Direct business accounted for just under 80 percent of revenue. The remaining 20 percent was generated with cooperation partners. In the first half of the fiscal year the business with cooperation partners increased by 41 percent over the weak equivalent period the previous year. This is due, above all, to the growth in revenue of the Semiconductor Manufacturing Technology business group (+27 percent over the prior year). The company generates most of its revenue outside Germany. In the first six months of the year ZEISS was particularly successful in the Asia/Pacific (APAC) region with revenue totaling EUR 419 million. This corresponds to growth of 15 percent* over the previous year (first half of 2012/13: EUR 395 million) when calculated on a comparable basis. In Germany ZEISS reported revenue amounting to EUR 256 million, an increase of five percent (first half of 2012/13: EUR 244 million).

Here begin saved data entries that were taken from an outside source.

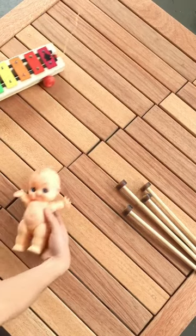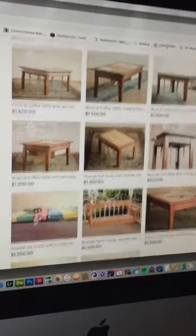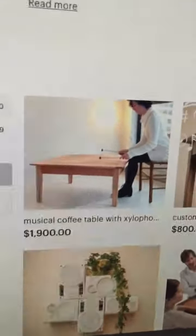Well, there you have it — musical furnishings: twin xylophone duet table. Now keep in mind this design is a functional tabletop in which you could put all the normal things that one would put on a tabletop. Lastly, keep my Etsy store in mind — I have all of my other musical designs listed there, including this very duet table that you could purchase today. Thanks so much for watching and take care.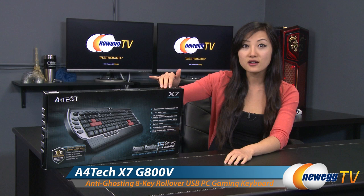Hey guys, Joanne here with Newegg TV. I'm here to do an overview on this A4Tech X7 G800V Super Combo 15 gaming keyboard.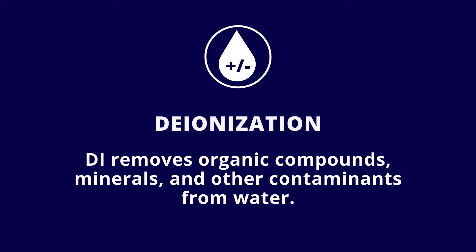Deionization, or DI, is used as an alternative to reverse osmosis, or RO, to remove organic compounds, minerals, and other contaminants from water.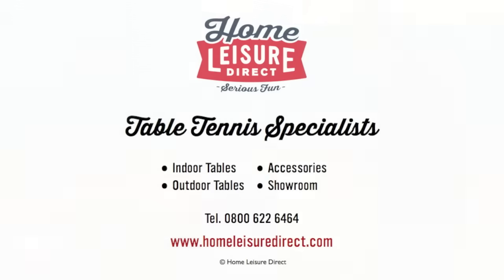Okay, that's great. For more table tennis coaching with Ryan Jenkins, please visit howtoplaysport.com. We'll see you next time.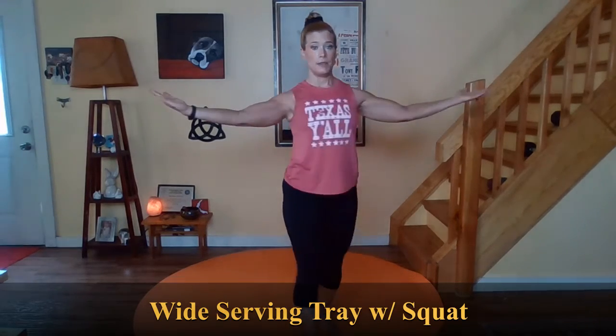First things first, we're going to bring the feet just below your shoulders — a little bit wider than your hips — with the toes slightly open. This is going to be a version of serving tray. We're bringing the elbows into the sides, opening out wide and exhale. So it's inhale out, exhale down. You're going to feel this in your biceps and through the middle of your back. Beautiful for posture. When you straighten those elbows, don't lock them up — keep them soft. So this is a wide serving tray — it's almost like you have two plates. And we're going to add a little squat just for fun — just a little air squat. Tailbone beneath you, lower belly engaged.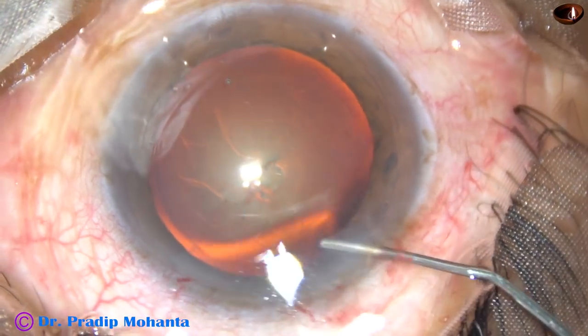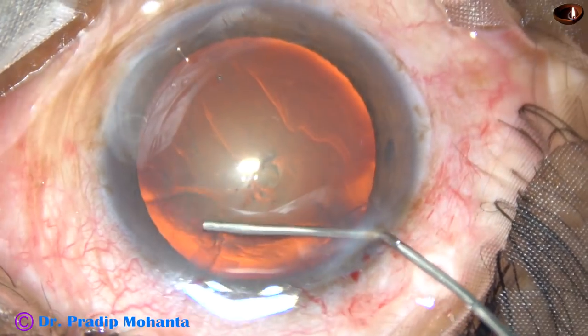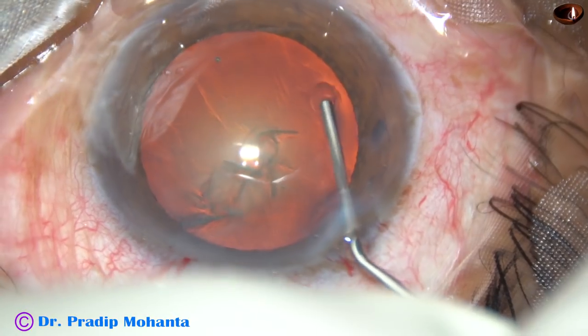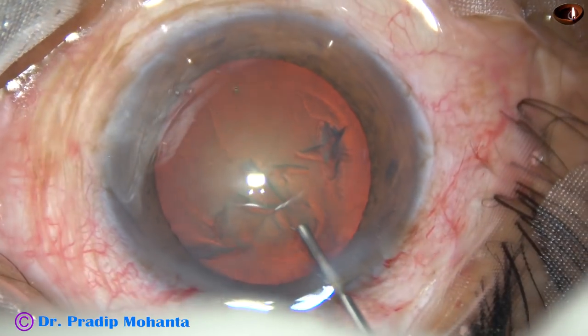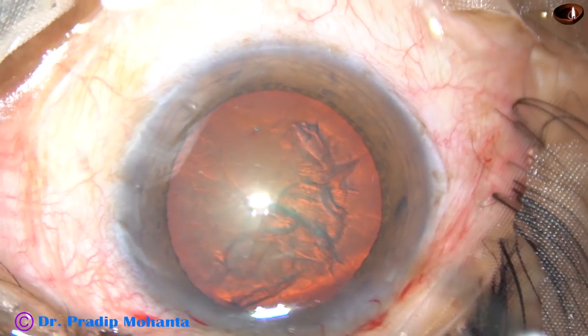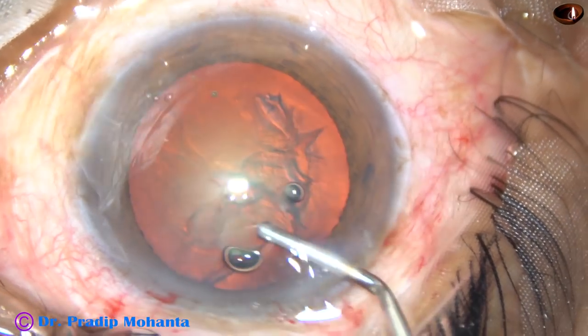Now, hydrodissection. Fluid wave is passed just underneath the anterior capsular rim. Hydrodelineation was attempted, but in this case the golden ring didn't form. The nucleus is mobilized.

In the first half of fiscal year 2013/14 ZEISS invested EUR 67 million in property, plant and equipment (first half of 2012/13: EUR 107 million). These compared to depreciations totaling EUR 71 million (first half of 2012/13: EUR 65 million). After the end of the first six months net liquidity totaled EUR 128 million (first half of 2012/13: EUR 211 million). "The decrease in net liquidity is attributable to special effects," explained Thomas Spitzenpfeil, CFO of Carl Zeiss AG. "This reflects acquisitions and negative currency effects."
After the heavy investments of the prior year, the free cash flow is now clearly positive again and totals EUR 101 million (first half of 2012/13: EUR −34 million). After the first six months of the fiscal year the company's equity amounted to over one billion euros, equating to an equity ratio of 24 percent.